The Icing on the (Cup)Cake

I’d like to give a special shout out to my friend L, who taught me a nifty cupcake-eating tip this weekend. We were attending a lovely bridal shower at PS 450, held in honor of our friend J, in whose June wedding we and the rest of our channel 13 posse will serve as b’maids. As J neared the end of the gift-opening process, the girls and I noticed an impressive tray of cupcakes approaching our table.  Cupcakes: dee-LICIOUS! [Yet again, insert Cookie Monster voice.]

DB, CO, A, L and I each selected one of the delicacies and commenced ingestion. I found it interesting that we all had very different techniques when it came to eating cupcakes. I’m sure the same is true among any group of adult cupcake eaters, but I’d never really noticed it before. In fact I think the last time I had cupcakes with my friends on a Sunday afternoon, it was 1979.  The renaissance that this perfect dessert is now enjoying has opened up a whole new can of social mores.  Can you lick off all the icing with your future mother-in-law nearby? How well do you have to know the people you’re with before you’re comfortable risking a frosting ‘stache? Is it cool to just pull off the bottom and eat that first, delaying the butter creamy gratification of the top?

Frankly, I don’t really care what does and does not appear lady-like while eating a cupcake. The only thing that matters to me when I have one in my hand is attaining the right ratio of cake to icing in every bite.  It’s always been a Seinfeldian struggle, and to overcome it, I must know the nature of the cupcake very well. 

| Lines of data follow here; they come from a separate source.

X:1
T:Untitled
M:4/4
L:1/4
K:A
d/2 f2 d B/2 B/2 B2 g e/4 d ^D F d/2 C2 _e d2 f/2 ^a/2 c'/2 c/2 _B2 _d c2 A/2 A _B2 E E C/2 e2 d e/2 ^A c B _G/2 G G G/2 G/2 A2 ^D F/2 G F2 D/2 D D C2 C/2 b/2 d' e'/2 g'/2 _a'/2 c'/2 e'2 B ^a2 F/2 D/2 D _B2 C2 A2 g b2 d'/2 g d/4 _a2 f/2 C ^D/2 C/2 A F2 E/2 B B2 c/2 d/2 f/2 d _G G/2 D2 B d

But then L revealed something she’d learned recently at Magnolia, the famous Bleecker Street cupcakery that is now conveniently located on Columbus Avenue as well.  She advised us to pull off the bottom half of the cupcake and then place it on TOP of the frosting, creating a cupcake SANDWICH. It was neat, it was simple, it was proportioned, it was brilliant! Thanks, L!  

Note: In order to successfully pull off the cupcake sandwich technique, you must ensure that the cupcake in question features significant frosting. The cupcake pictured here exemplifies the correct frosting situation. Do not attempt this trick if you’re facing a thin layer of frosting or a delicate glaze of any kind — you’ll end up with a mouthful of cake and very little else. You’ll be sorry, and you’ll need milk.

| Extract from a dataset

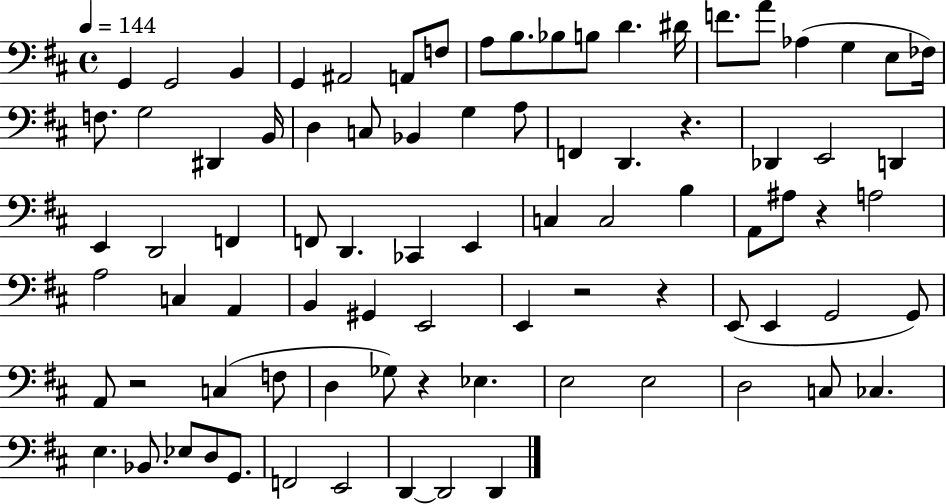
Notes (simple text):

The Icing on the (Cup)Cake

3 thoughts on “The Icing on the (Cup)Cake

  1. May I suggest that you take the thinly iced cupcake and promptly dispose of it in a waste receptacle…where it belongs. Cupcakes should be generously iced. Nothing less will satisfy.

    I COULD NOT AGREE MORE! Honestly, the “cake” part is just a vehicle for the icing.

  2. MichelleW says:

    I love that! And, of course, I looooooooove cupcakes, so I’ll definitely put that tip to use.

    Happy birthday, a day early.

    Birthday?! What on EARTH are you talking about? Ooooooooh. You must mean the 11th anniversary of my 25th birthday.